Activity: Only certain lines below are wanted: those starting at the line containing "The output binary image, named" and ending at the line containing "At the top there", both included, each retyped exactly.

Exercise inputs:

·····

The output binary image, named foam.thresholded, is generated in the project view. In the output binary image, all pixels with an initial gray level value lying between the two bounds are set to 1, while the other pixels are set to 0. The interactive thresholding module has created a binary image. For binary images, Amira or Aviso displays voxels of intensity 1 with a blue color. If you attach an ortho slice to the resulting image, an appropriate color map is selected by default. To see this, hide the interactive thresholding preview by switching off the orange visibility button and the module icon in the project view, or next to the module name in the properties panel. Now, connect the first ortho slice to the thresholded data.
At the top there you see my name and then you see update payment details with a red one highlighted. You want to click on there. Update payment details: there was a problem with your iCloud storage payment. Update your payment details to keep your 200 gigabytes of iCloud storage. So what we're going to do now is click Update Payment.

·····

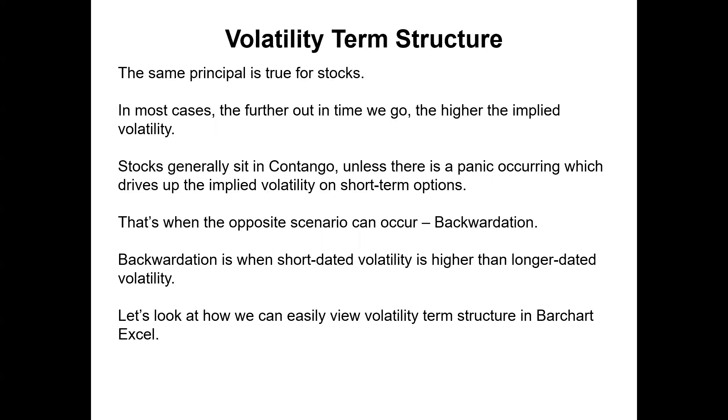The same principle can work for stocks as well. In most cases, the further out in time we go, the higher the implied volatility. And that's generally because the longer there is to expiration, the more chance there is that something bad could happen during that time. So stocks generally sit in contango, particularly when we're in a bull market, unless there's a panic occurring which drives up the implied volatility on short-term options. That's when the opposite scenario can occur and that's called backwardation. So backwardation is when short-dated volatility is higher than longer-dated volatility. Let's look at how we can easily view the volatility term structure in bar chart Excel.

·····

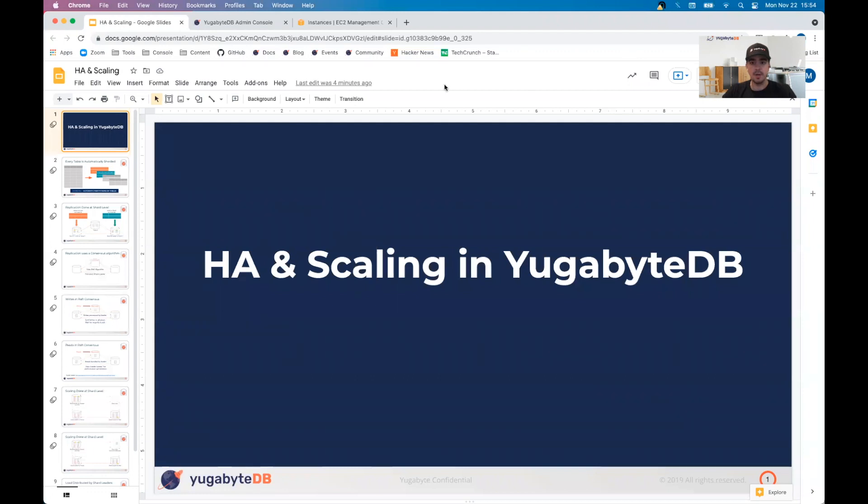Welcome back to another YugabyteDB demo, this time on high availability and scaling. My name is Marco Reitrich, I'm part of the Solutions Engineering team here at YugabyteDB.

·····

Result of this exercise:
The output binary image, named foam.thresholded, is generated in the project view. In the output binary image, all pixels with an initial gray level value lying between the two bounds are set to 1, while the other pixels are set to 0. The interactive thresholding module has created a binary image. For binary images, Amira or Aviso displays voxels of intensity 1 with a blue color. If you attach an ortho slice to the resulting image, an appropriate color map is selected by default. To see this, hide the interactive thresholding preview by switching off the orange visibility button and the module icon in the project view, or next to the module name in the properties panel. Now, connect the first ortho slice to the thresholded data.
At the top there you see my name and then you see update payment details with a red one highlighted. You want to click on there. Update payment details: there was a problem with your iCloud storage payment. Update your payment details to keep your 200 gigabytes of iCloud storage. So what we're going to do now is click Update Payment.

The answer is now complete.